Comics and Other Imaginary Tales has obtained an exclusive look in the life of DC Comics co-publisher Dan Didio
7:00 a.m. Wake up, eat breakfast. Pour bowl of cheerios, but decide that you would rather have pancakes. Call Geoff Johns and ask him to stop making his own breakfast and cook you pancakes like your mom used to make.
7: 42 a.m. Talk to wife before you leave about the great romantic evening you have planned for her and how it will redefine their relationship for years to come.
9:15 a.m. Prank call Sean McKeever, pretending to be Joe Quesada offering him the job writing the Amazing Spider-Man.
9:16 a.m. Laugh. Comb Mustache.
10:45 a.m. Read the script for high profile creative team’s innovative reinvention of obscure Silver Age DC character. Talk to editor about the project’s potential to win an Eisner.
11:15 a.m. Talk to Grant Morrison about his latest story arc on Batman, Inc. During his explanation of how Tibetan mysticism is essential to understanding why Batman is fighting glowing space worms, sigh and fondly remember days working on Reboot.
12:31 p.m. Read Scans Daily comments, followed by reassuring call to Greg Land who reminds you that everything's going to be ok and there's nothing wrong with you.
1:20 p.m. Interview with Newsarama about all the great writers working at DC right now, assure them that you’re talking about more writers than just Grant Morrison and Geoff Johns.
1:45 p.m. Conference call with Grant Morrison and Geoff Johns. During call, yell at Peter Tomasi for listening with a cup pressed against the door.
2:00 p.m. Slash Sean McKeever’s Tires.
2:01 p.m. Start writing latest issue of the Outsiders.
2:02 p.m. Finish writing latest issue of the Outsiders.
2:11 p.m. Call high profile creative team doing the innovative reinvention of obscure Silver Age DC character. Ask them to tie the book into latest DC Crossover, Final Crisis 2: Finality.
2:52 p.m. Call Fabian Nicieza, ask if he can take over an innovative reinvention of obscure Silver Age DC character that is suddenly without a creative team.
3:00 p.m. Take car to mechanic, tell him you need your oil changed.
3:03 p.m. Call mechanic. Tell him you have changed your mind and would like your tires rotated instead.
3:06 p.m. Call mechanic. Tell him you have changed your mind and would like a tune up instead.
3:40 p.m. Call mechanic.

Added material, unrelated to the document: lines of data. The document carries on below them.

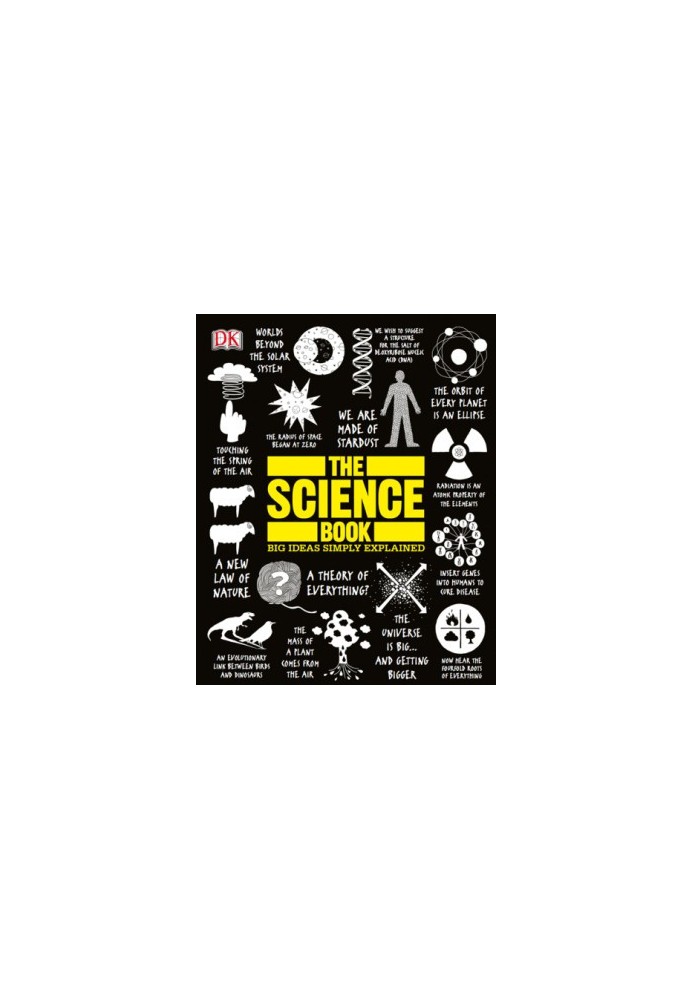 The Science Book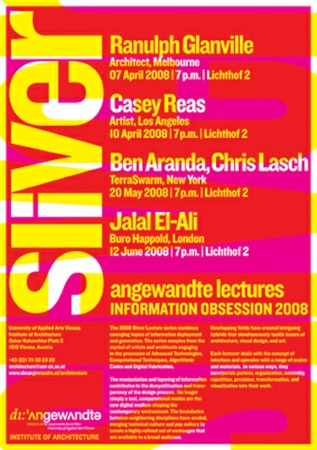 2008 Information  Obsession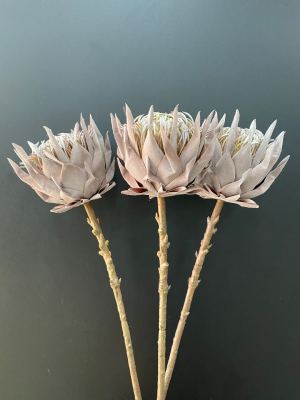 Simulation flower manufacturers direct sale of Chinese home decoration fake flowers wholesale simulation emperor flower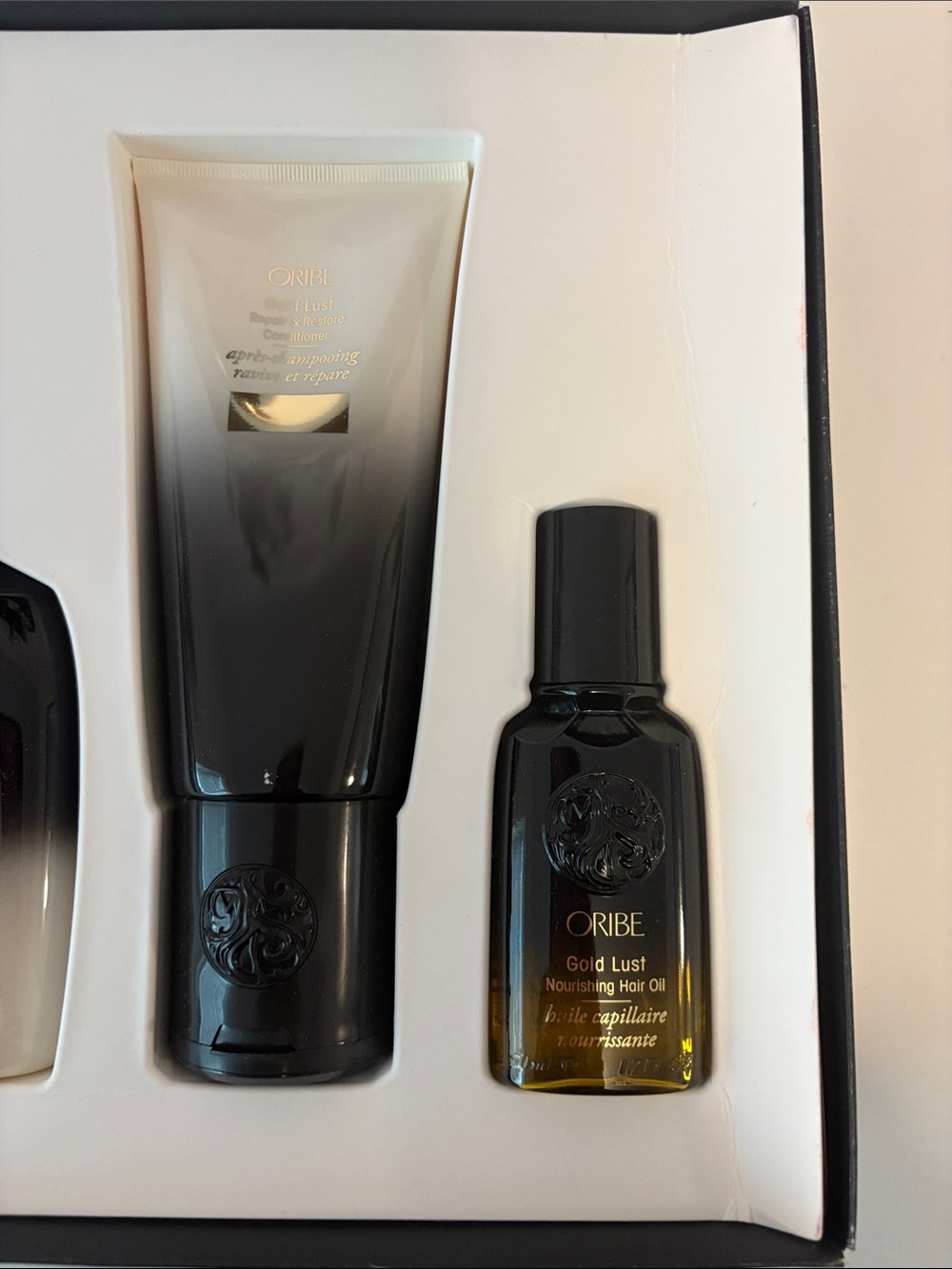Oribe Gold Lust Collection - Picture 5 of 5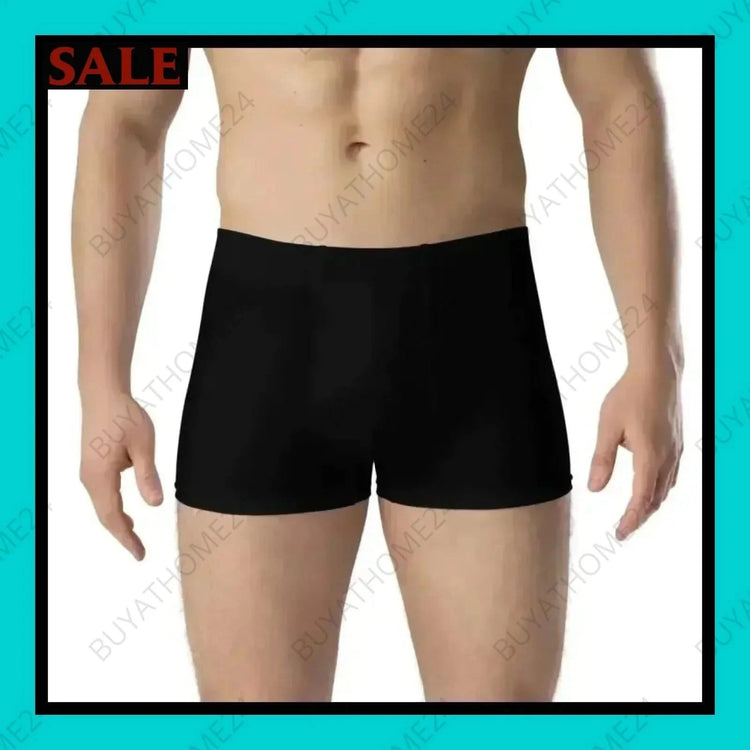 Herren Boxer Shorts XS-3XL - BUYATHOME24 - Textildruck - GERMANY - Boxer Shorts, HERRENMODE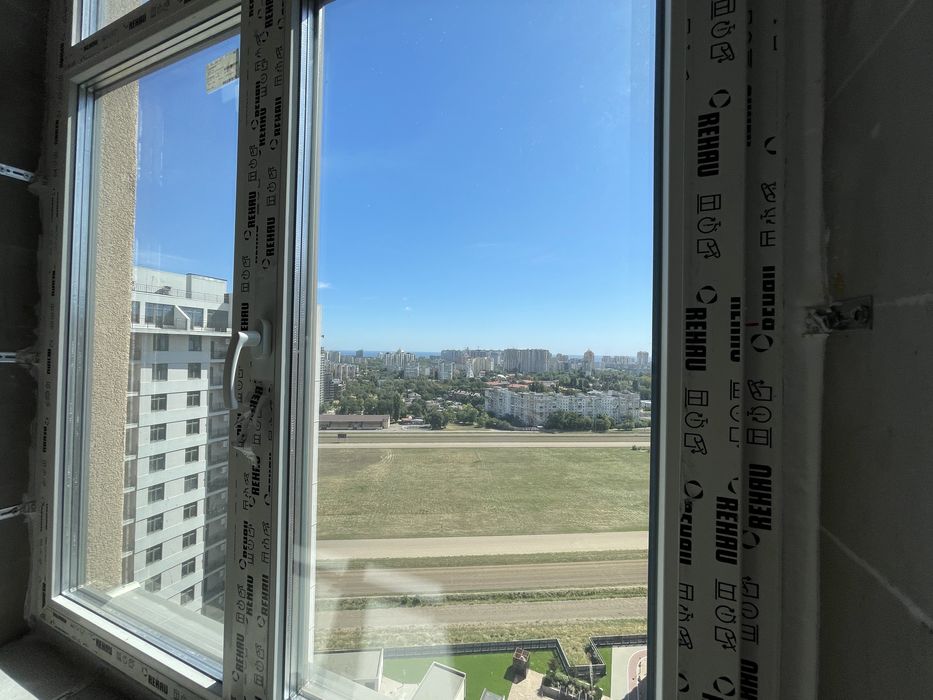 Квартира на вул. Краснова в Одесі, ID 314089, фото №11
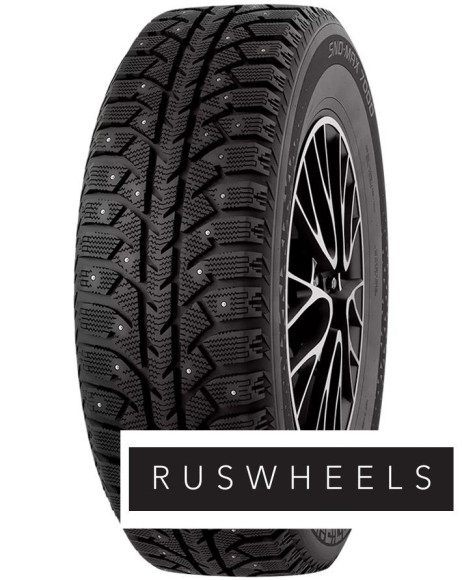 Шины Cordiant 205/70 r15 Sno-Max 7000 100T Шипы Шины Cordiant 205/70 r15 Sno-Max 7000 100T Шипы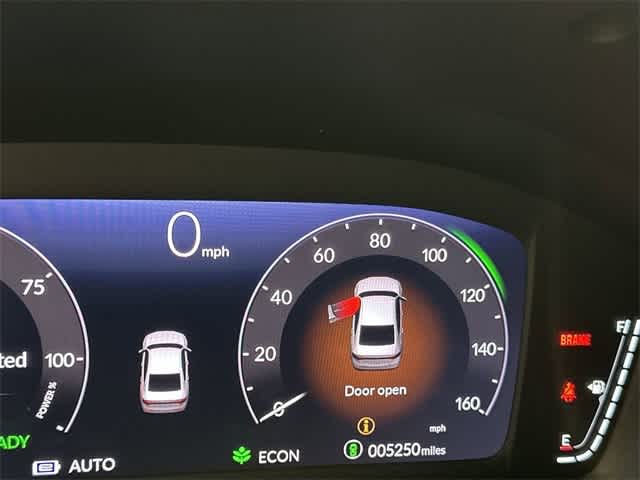 Thumbnail: 2025 Honda Accord - 16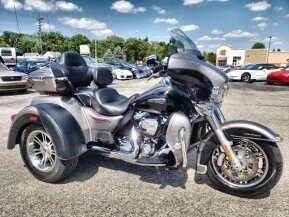 2017 Harley-Davidson Trike for sale 201334668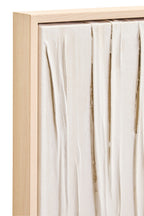 Neutral Abstract Wall Art | Astratto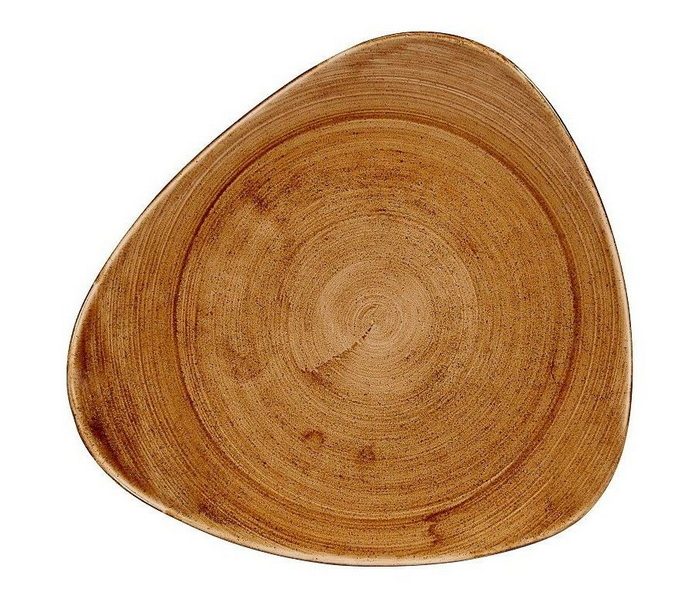 Тарелка CHURCHILL Stonecast мм артикул PAVCTR121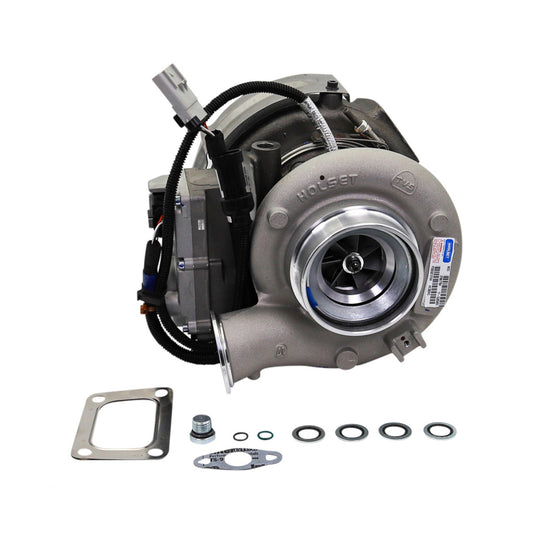 HE351VE Turbo New W/Actuator  6.7L ISB | 3786778H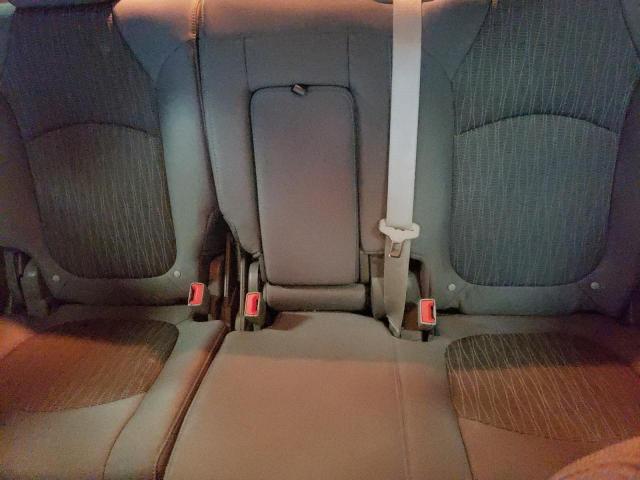 Photo 10 from auction – 2014 CHEVROLET TRAVERSE L with VIN 1GNKRGKDXEJ269994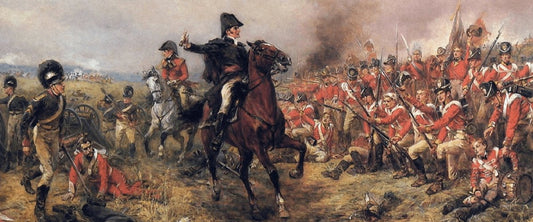 A Brief History Of Wellies | Hugs For Kids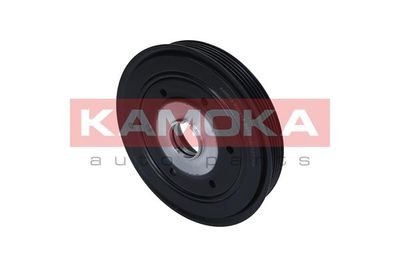 Фото автозапчасти шкiв колiнвала KAMOKA RW015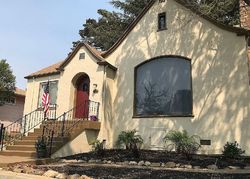 Pre-foreclosure in  SUNSET AVE Vallejo, CA 94591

Tell him he’s fired because you read online that he was complaining about how much you change your mind.
4:00 p.m. Waste time at the office by watching Silence of the Lambs. Suddenly get idea for the next story arc in Teen Titans.
5:00 p.m. Meeting to discuss new takes on DC’s characters. Question: Is there a silver age Black Lightning and can we bring him back? Thought: Can Damage be the new Black Lightning?
6:00 p.m. Go to eat dinner, find out that children have gone over to Mr. Quesada’s house for dinner. Peter Tomasi joins family for dinner instead.
7:00 p.m. Wife asks what happened to the romantic evening they were supposed to have. Explain that you can’t be held responsible for other people’s expectations. Ask Fabian Nicieza to handle this on short notice.
8:00 p.m. Tell wife you want a divorce and how you were reintroduced to your high school girlfriend by Geoff Johns. Tell her how grateful you are to have your “one, true love” back and how you feel reborn. Assure wife that she’ll get a new wardrobe and will still be an important part of your life as your neighbor and we’ll see lots of each other.
10:00 p.m. Totally don’t see her anymore.
* Apologies to Spooky at Dear Mr. Levy
You forgot the time of day he decides to replace a modern age character with the silver age equivalent.
ReplyDeleteI'm disappointed in you.
Like at 5:00 p.m.?
ReplyDeleteToo vague. Going to need it to be more specific next time. Like putting Dick Grayson back into hot pants because its the silver age thing to do.
ReplyDeleteHot pants or hounding Sean McKeever, there is only so much one can do in the day.